You are viewing a plain text version of this content. The canonical link for it is here.
Posted to user@spark.apache.org by Luis Ángel Vicente Sánchez <la...@gmail.com> on 2014/09/16 14:07:23 UTC

Spark Streaming: CoarseGrainedExecutorBackend: Slave registration failed: Duplicate executor ID

I have a standalone spark cluster and from within the same scala
application I'm creating 2 different spark context to run two different
spark streaming jobs as SparkConf is different for each of them.
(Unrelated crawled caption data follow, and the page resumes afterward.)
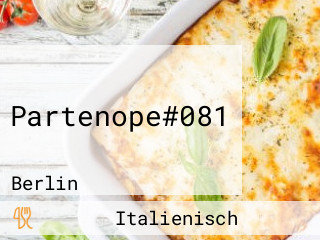 Partenope#081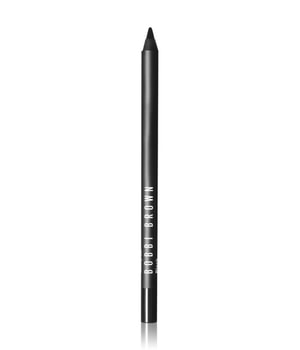 Bobbi Brown 24 Hour Waterproof Kajal Liner Kajalstift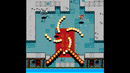 Demon Throttle (Nintendo Switch) 5060760888756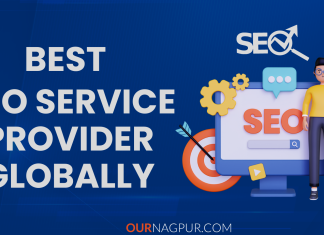 Best SEO Service Providers Globally Best SEO Service Providers Globally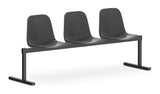 Clour Bench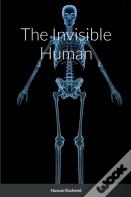 The Invisible Human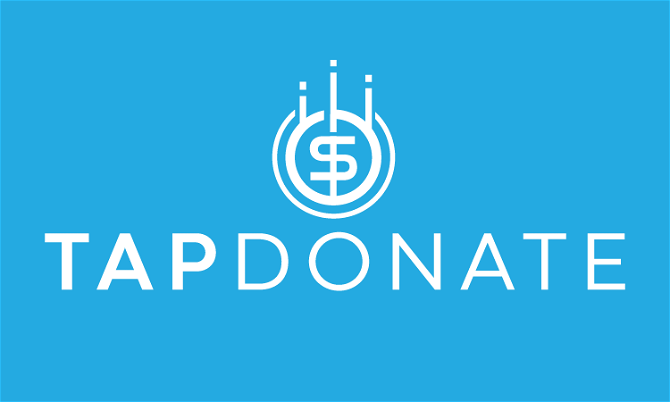 TapDonate.com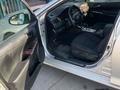 Toyota Camry 2013 года за 5 500 000 тг. в Алматы – фото 7
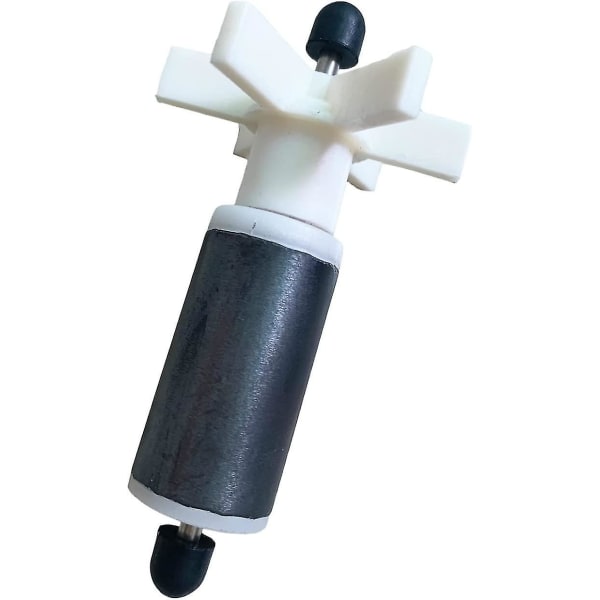 Lay Z Spa Pumpe Impeller Und Bestway Passt Alle Hydro Jets An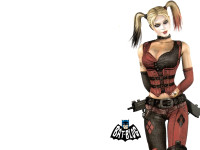 batman-arkham-city-harley-quinn-wallpaper-2.jpg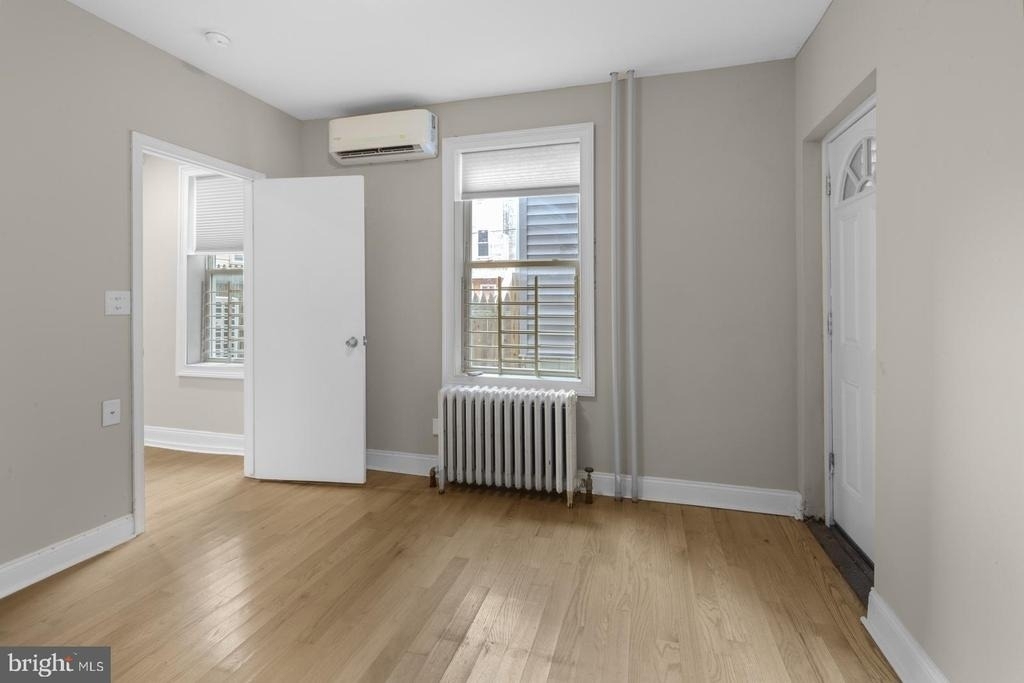 1302 N 19th Street - Photo 14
I'm getting this error that... I don't really understand:

14/09/16 11:51:35 ERROR OneForOneStrategy: spark.httpBroadcast.uri
> java.util.NoSuchElementException: spark.httpBroadcast.uri
> 	at org.apache.spark.SparkConf$$anonfun$get$1.apply(SparkConf.scala:149)
> 	at org.apache.spark.SparkConf$$anonfun$get$1.apply(SparkConf.scala:149)
> 	at scala.collection.MapLike$class.getOrElse(MapLike.scala:128)
> 	at scala.collection.AbstractMap.getOrElse(Map.scala:58)
> 	at org.apache.spark.SparkConf.get(SparkConf.scala:149)
> 	at org.apache.spark.broadcast.HttpBroadcast$.initialize(HttpBroadcast.scala:130)
> 	at org.apache.spark.broadcast.HttpBroadcastFactory.initialize(HttpBroadcastFactory.scala:31)
> 	at org.apache.spark.broadcast.BroadcastManager.initialize(BroadcastManager.scala:48)
> 	at org.apache.spark.broadcast.BroadcastManager.<init>(BroadcastManager.scala:35)
> 	at org.apache.spark.SparkEnv$.create(SparkEnv.scala:218)
> 	at org.apache.spark.executor.Executor.<init>(Executor.scala:85)
> 	at org.apache.spark.executor.CoarseGrainedExecutorBackend$$anonfun$receive$1.applyOrElse(CoarseGrainedExecutorBackend.scala:59)
> 	at akka.actor.ActorCell.receiveMessage(ActorCell.scala:498)
> 	at akka.actor.ActorCell.invoke(ActorCell.scala:456)
> 	at akka.dispatch.Mailbox.processMailbox(Mailbox.scala:237)
> 	at akka.dispatch.Mailbox.run(Mailbox.scala:219)
> 	at akka.dispatch.ForkJoinExecutorConfigurator$AkkaForkJoinTask.exec(AbstractDispatcher.scala:386)
> 	at scala.concurrent.forkjoin.ForkJoinTask.doExec(ForkJoinTask.java:260)
> 	at scala.concurrent.forkjoin.ForkJoinPool$WorkQueue.runTask(ForkJoinPool.java:1339)
> 	at scala.concurrent.forkjoin.ForkJoinPool.runWorker(ForkJoinPool.java:1979)
> 	at scala.concurrent.forkjoin.ForkJoinWorkerThread.run(ForkJoinWorkerThread.java:107)
> 14/09/16 11:51:35 ERROR CoarseGrainedExecutorBackend: Slave registration failed: Duplicate executor ID: 10
>
>
 Both apps has different names so I don't get how the executor ID is not
unique :-S

This happens on startup and most of the time only one job dies, but
sometimes both of them die.

Regards,

Luis

Re: Spark Streaming: CoarseGrainedExecutorBackend: Slave registration failed: Duplicate executor ID

Posted by Luis Ángel Vicente Sánchez <la...@gmail.com>.
I dug a bit more and the executor ID is a number so it's seems there is not
possible workaround.

Looking at the code of the CoarseGrainedSchedulerBackend.scala:

https://github.com/apache/spark/blob/6324eb7b5b0ae005cb2e913e36b1508bd6f1b9b8/core/src/main/scala/org/apache/spark/scheduler/cluster/CoarseGrainedSchedulerBackend.scala#L86

It seems there is only one DriverActor and, as the RegisterExecutor message
only contains the executorID, there is a collision.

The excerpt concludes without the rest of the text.